• [RECORDS]:
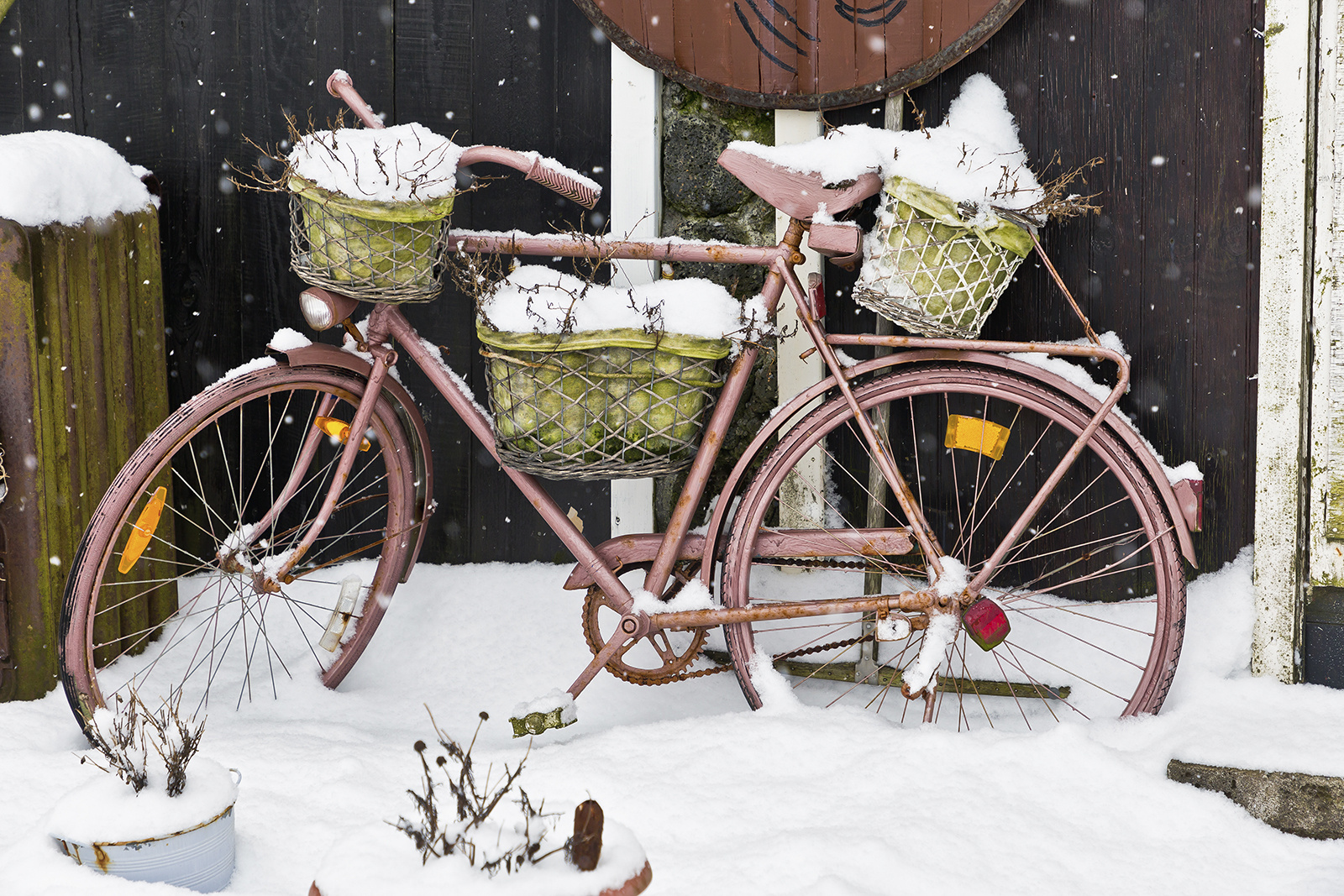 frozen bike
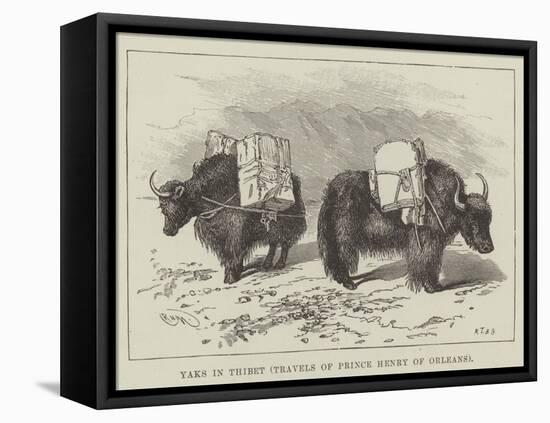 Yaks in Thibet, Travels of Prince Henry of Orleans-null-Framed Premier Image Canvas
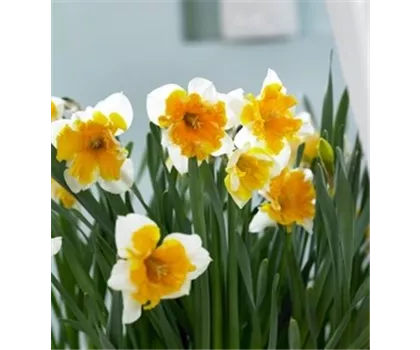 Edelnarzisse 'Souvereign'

...

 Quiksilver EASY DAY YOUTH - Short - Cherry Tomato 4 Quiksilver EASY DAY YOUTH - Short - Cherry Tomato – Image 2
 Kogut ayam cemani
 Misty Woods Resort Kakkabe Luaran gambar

==

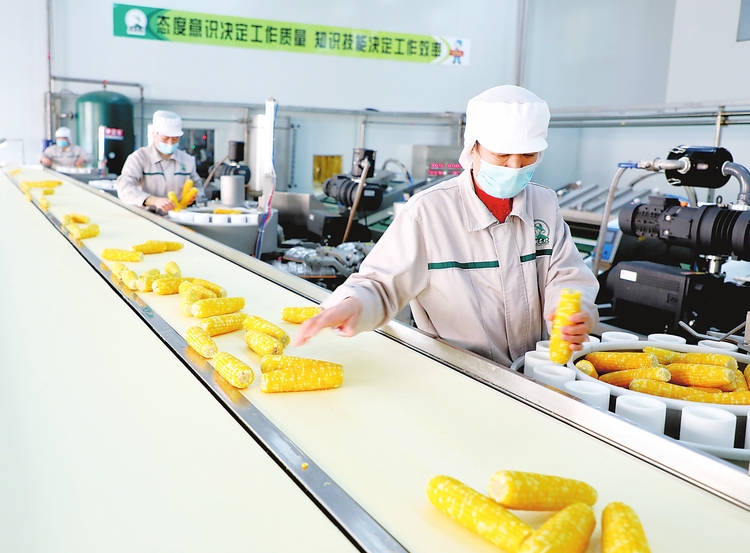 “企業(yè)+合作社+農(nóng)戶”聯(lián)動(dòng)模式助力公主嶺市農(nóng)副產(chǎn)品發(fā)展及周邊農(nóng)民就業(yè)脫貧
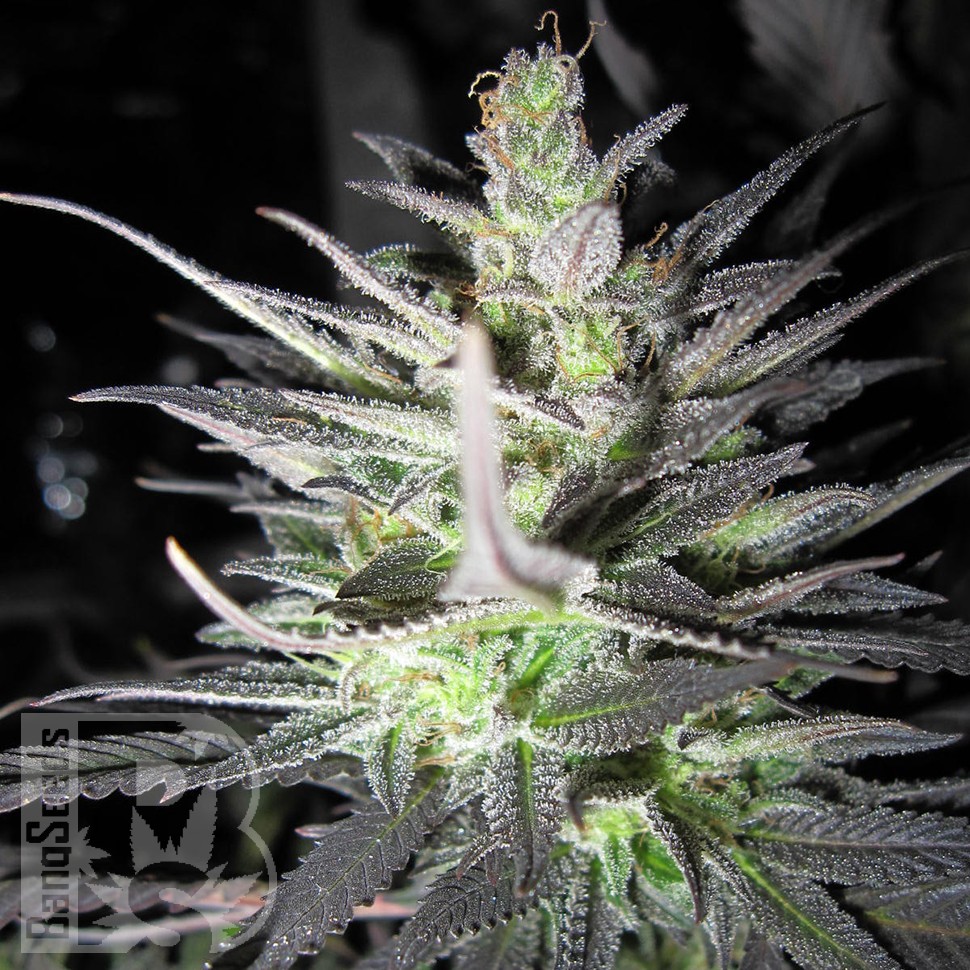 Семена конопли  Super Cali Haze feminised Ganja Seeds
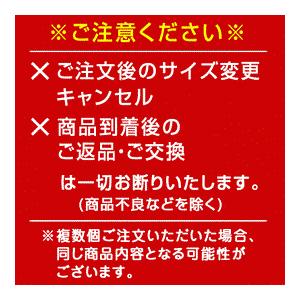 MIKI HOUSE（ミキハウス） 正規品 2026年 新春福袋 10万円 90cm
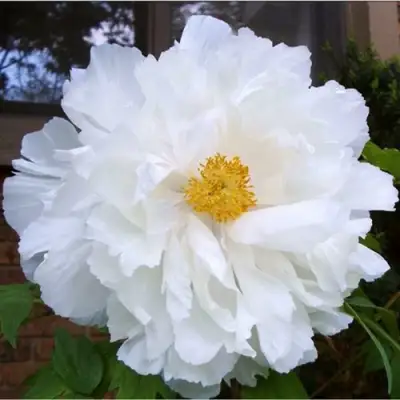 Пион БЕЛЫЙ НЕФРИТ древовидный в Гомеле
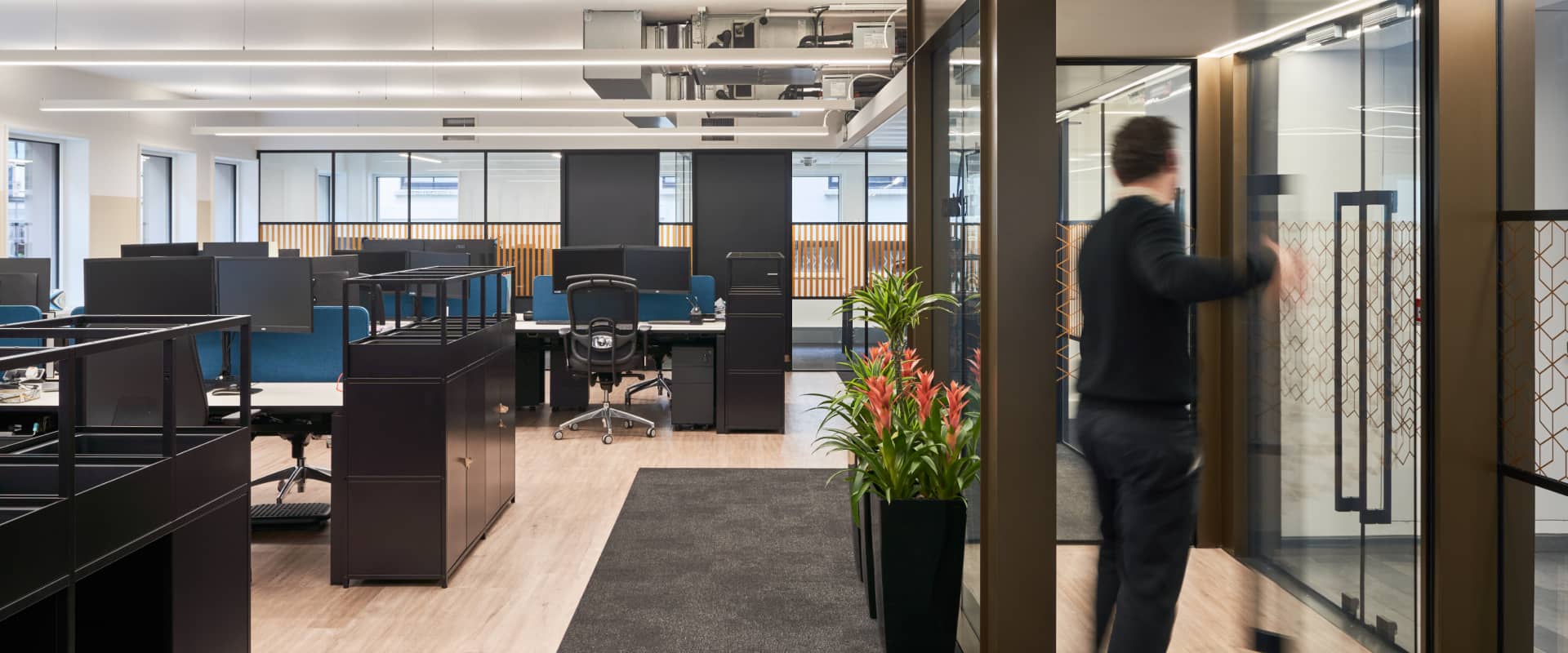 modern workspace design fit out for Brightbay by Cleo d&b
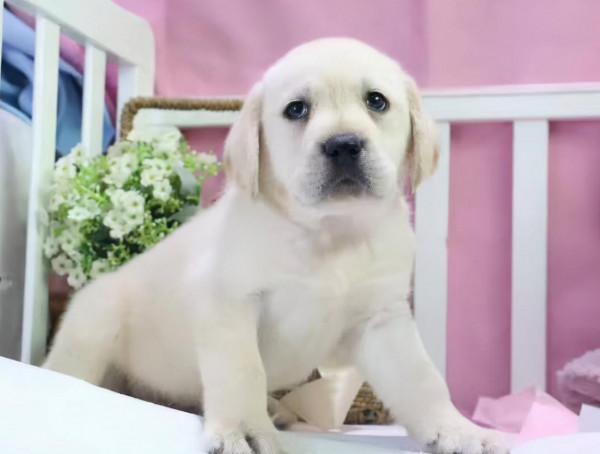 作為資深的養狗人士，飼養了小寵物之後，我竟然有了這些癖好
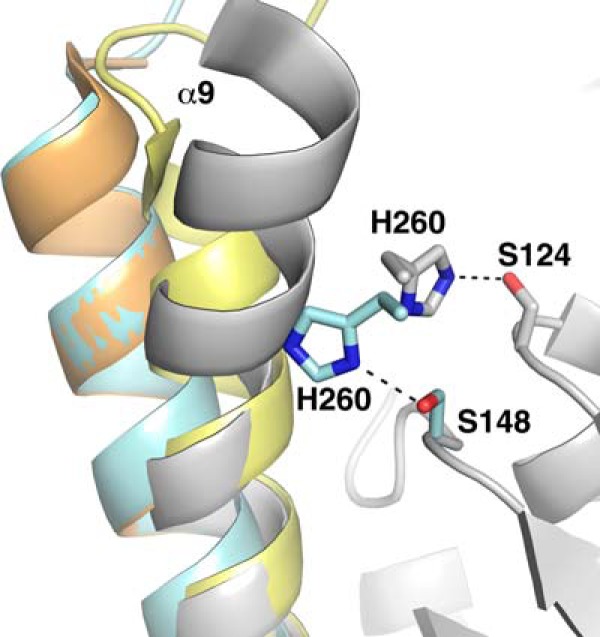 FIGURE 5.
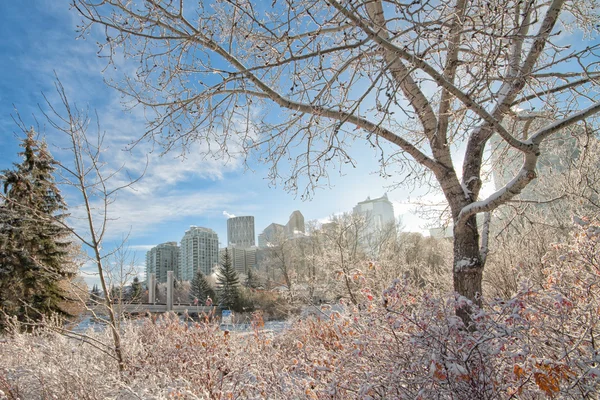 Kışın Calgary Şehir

• [WORK ORDER]: Within the data above, repeat exactly the lines from the one bearing "作為資深的養狗人士，飼養了小寵物之後，我竟然有了這些癖好" through the one bearing "Kışın Calgary Şehir". Include no pictures and nothing else.

• [RESULT OF THE TASK]:
 作為資深的養狗人士，飼養了小寵物之後，我竟然有了這些癖好
 FIGURE 5.
 Kışın Calgary Şehir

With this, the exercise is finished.